# ACTIVITY:
Pictures stay out, but every line of the data is copied exactly.

# INFORMATION SUPPLIED:
......

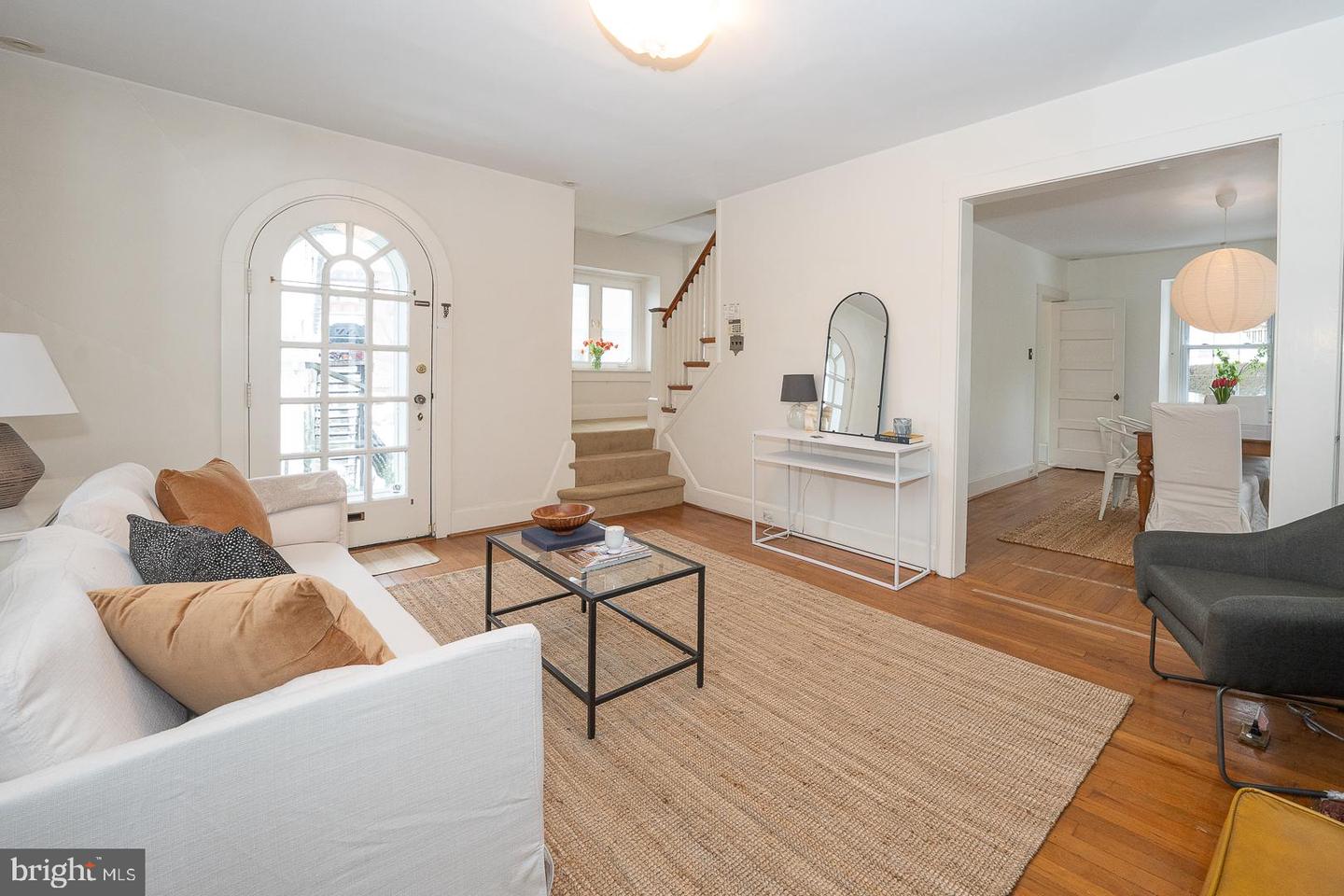15 Woodbine Ave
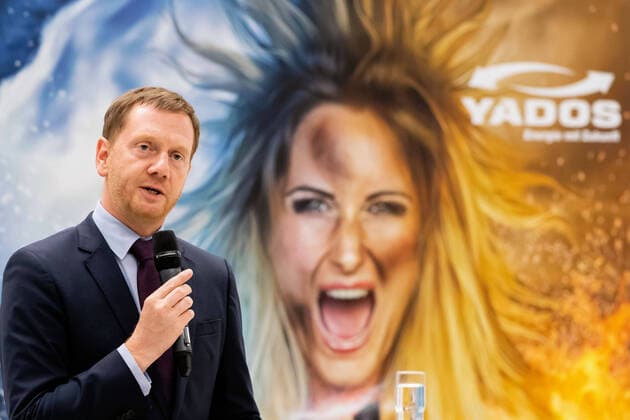 24.08.2020 Deutschland,Sachsen,Lausitz, Hoyerswerda: Sachsens Ministerpräsident Michael Kretschmer besucht am 24.8.2020 die Yados GmbH in Hoyerswerda und nimmt nach einem Betriebsrundgang an der Eröffnung der neuen Produktionshalle teil. Die YADOS GmbH ist nach eigenen Angaben eines der größten Industrieunternehmen Europas im Bereich der Fernwärme-und Energietechnik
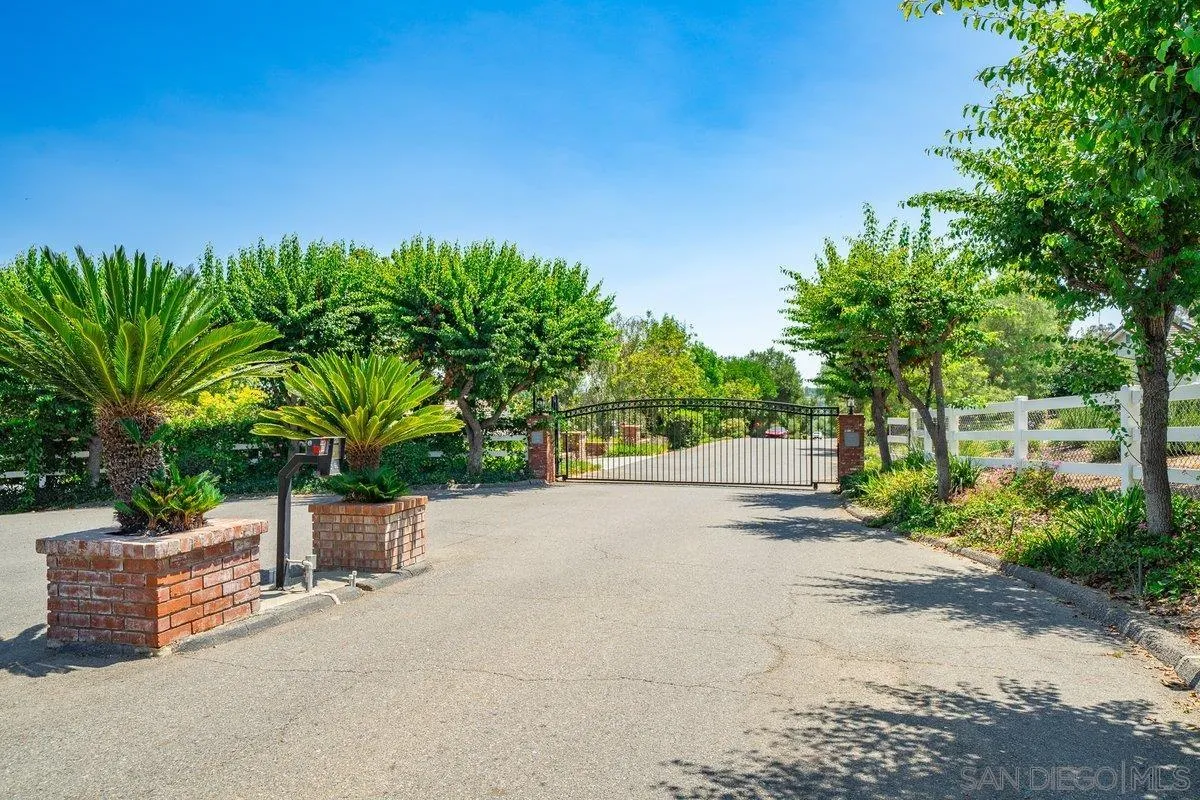 https://cdn.realtyfeed.com/cdn/127/250034645/cdc23148bcb7df50c2a5761f4ea6c0da.webp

......

# FINISHED TASK:
15 Woodbine Ave
 24.08.2020 Deutschland,Sachsen,Lausitz, Hoyerswerda: Sachsens Ministerpräsident Michael Kretschmer besucht am 24.8.2020 die Yados GmbH in Hoyerswerda und nimmt nach einem Betriebsrundgang an der Eröffnung der neuen Produktionshalle teil. Die YADOS GmbH ist nach eigenen Angaben eines der größten Industrieunternehmen Europas im Bereich der Fernwärme-und Energietechnik
 https://cdn.realtyfeed.com/cdn/127/250034645/cdc23148bcb7df50c2a5761f4ea6c0da.webp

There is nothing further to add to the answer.